А первоначальная радость Калигулы, оторванного от тяжких воспоминаний о ночи, когда был убит племянник сенатора, действительно сменилась самым настоящим ужасом. Он вспомнил этого человека, еще как вспомнил. И взгляд этот, что в настоящую минуту был обращен на него, на Калигулу, тоже вспомнил. Цепкий такой, запоминающий…

Что мог знать Калигула о сыне Аристобула и внуке Ирода Великого? Что знал он о дяде своем, Друзе Младшем[118]? То, что он был мужем Ливиллы, тетки. Бабушка Антония мало говорила об этом, вернее, не говорила вообще. Роль будущего императора не удалась Друзу, он умер бесславно, от странной болезни. Пусть так, что до него Калигуле? Одним соперником меньше, дорога шире…

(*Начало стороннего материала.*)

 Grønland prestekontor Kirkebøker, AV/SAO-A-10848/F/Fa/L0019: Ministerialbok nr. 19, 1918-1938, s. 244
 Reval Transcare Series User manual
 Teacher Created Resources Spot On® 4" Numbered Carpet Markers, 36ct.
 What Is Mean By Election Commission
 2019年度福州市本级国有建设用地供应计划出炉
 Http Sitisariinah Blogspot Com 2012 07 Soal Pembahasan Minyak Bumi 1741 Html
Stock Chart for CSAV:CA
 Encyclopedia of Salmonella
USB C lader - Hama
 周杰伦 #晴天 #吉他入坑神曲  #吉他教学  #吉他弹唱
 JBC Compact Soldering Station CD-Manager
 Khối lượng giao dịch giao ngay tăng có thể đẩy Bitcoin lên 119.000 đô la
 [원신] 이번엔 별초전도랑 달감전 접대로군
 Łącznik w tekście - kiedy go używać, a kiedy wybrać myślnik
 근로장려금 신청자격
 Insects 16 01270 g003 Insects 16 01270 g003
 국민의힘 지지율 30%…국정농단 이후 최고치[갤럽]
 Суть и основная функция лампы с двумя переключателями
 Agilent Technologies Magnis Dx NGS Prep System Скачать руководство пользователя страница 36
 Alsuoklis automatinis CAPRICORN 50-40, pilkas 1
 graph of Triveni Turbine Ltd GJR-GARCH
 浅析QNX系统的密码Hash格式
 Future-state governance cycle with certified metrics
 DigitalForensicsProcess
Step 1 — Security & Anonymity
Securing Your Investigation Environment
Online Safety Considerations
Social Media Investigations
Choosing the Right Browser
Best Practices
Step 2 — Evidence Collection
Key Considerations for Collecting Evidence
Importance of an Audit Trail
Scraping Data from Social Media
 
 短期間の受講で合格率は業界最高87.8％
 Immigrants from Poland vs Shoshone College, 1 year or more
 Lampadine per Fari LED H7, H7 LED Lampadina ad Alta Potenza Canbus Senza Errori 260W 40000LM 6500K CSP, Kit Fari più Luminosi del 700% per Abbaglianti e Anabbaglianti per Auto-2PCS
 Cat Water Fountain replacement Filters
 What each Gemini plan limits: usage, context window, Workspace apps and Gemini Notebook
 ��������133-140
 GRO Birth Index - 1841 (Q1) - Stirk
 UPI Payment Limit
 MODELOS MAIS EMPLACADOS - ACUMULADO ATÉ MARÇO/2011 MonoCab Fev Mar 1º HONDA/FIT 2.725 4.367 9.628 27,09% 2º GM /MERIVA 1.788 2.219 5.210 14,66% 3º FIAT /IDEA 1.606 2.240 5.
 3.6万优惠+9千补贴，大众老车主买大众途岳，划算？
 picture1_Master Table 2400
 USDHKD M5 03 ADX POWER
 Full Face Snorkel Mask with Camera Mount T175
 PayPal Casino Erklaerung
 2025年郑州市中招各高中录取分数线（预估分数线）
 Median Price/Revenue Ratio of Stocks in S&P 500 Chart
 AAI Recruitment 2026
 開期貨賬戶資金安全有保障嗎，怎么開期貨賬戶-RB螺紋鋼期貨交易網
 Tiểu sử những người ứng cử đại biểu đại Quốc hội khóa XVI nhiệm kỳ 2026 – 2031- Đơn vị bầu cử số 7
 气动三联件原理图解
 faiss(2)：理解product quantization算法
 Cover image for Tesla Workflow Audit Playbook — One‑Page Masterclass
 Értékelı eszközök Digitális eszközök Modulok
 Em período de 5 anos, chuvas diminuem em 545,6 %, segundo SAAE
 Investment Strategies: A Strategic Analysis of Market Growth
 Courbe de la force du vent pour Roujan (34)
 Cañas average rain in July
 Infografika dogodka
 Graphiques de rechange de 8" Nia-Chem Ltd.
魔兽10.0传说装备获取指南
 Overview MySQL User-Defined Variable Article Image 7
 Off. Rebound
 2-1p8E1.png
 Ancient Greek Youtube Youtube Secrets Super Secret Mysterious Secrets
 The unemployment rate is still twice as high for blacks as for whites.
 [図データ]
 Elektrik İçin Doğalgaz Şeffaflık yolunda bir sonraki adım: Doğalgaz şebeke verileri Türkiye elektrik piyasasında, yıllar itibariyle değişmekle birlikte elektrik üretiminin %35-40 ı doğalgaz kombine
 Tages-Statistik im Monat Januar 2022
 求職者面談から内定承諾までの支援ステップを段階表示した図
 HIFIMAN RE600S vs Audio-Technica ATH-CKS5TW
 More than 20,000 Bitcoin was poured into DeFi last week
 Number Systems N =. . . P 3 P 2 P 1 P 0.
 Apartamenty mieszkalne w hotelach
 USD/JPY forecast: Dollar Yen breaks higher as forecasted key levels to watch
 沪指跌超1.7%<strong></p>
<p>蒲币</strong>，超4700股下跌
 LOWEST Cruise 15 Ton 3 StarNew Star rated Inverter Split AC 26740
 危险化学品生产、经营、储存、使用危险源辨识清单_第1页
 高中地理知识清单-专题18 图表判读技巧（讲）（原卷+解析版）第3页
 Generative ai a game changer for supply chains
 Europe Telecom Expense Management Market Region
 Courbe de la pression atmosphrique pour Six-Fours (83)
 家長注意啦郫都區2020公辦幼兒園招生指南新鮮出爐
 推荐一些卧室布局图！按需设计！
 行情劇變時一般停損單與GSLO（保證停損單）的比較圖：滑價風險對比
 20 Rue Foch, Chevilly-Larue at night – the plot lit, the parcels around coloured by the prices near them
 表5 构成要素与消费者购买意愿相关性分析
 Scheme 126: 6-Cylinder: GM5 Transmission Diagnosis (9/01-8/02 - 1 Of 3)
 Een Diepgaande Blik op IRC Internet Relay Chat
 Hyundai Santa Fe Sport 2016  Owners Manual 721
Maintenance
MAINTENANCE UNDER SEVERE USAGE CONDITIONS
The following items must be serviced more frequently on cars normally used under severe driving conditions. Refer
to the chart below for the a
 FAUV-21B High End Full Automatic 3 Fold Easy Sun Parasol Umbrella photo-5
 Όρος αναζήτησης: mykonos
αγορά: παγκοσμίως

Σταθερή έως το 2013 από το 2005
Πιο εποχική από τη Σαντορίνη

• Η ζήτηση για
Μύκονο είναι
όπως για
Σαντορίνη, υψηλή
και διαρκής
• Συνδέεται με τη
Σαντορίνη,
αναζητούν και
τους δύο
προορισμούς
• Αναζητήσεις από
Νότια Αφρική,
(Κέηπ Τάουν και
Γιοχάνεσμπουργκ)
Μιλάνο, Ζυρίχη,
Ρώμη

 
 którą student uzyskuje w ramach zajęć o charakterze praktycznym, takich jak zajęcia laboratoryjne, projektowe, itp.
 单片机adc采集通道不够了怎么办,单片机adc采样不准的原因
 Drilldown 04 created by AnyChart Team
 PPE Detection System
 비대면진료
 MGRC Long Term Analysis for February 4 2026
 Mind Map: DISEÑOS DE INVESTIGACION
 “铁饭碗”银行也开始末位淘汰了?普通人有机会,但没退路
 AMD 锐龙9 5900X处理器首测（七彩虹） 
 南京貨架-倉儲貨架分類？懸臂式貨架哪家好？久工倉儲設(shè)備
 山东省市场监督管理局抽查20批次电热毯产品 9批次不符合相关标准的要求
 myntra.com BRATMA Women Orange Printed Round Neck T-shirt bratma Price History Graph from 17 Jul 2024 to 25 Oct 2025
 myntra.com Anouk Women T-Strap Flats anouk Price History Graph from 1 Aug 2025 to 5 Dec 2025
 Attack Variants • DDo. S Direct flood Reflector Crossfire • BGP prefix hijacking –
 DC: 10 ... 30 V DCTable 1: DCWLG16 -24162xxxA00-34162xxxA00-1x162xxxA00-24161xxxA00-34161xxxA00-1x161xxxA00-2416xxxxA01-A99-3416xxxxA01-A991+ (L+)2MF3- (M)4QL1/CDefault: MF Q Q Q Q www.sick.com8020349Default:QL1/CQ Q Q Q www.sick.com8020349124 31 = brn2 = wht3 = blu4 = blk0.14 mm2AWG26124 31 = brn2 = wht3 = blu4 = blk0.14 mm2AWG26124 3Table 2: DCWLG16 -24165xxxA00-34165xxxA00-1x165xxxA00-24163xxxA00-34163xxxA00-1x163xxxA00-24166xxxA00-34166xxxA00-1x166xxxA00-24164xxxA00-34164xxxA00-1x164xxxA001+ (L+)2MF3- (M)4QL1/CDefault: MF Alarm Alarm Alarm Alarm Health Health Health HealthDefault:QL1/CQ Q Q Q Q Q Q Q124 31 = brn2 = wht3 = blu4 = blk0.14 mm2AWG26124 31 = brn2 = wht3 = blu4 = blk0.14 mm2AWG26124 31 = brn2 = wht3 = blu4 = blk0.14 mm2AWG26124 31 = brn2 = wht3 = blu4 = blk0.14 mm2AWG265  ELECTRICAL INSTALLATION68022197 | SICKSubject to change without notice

Агриппа же Ирод помнил Друза Младшего, Ливию Ливиллу, жену его, молодыми и счастливыми. Да и Антонию он знал когда-то, мать жены своего друга. Это он воспитывался с Друзом, будучи не то беглецом от великого, но нездорового головой деда, не то заложником у Рима. На положении и господина не первой руки, и порой даже презираемого всеми слуги. Ему было что вспомнить, ибо Друз был щедр душой, в дружбе великодушен, в отношениях — равен и ровен с Агриппой, а мог бы быть и иным, всякое помнил иудейский князек. Не одному Мемфию не нравился цвет его лица, ох, не одному только Мемфию…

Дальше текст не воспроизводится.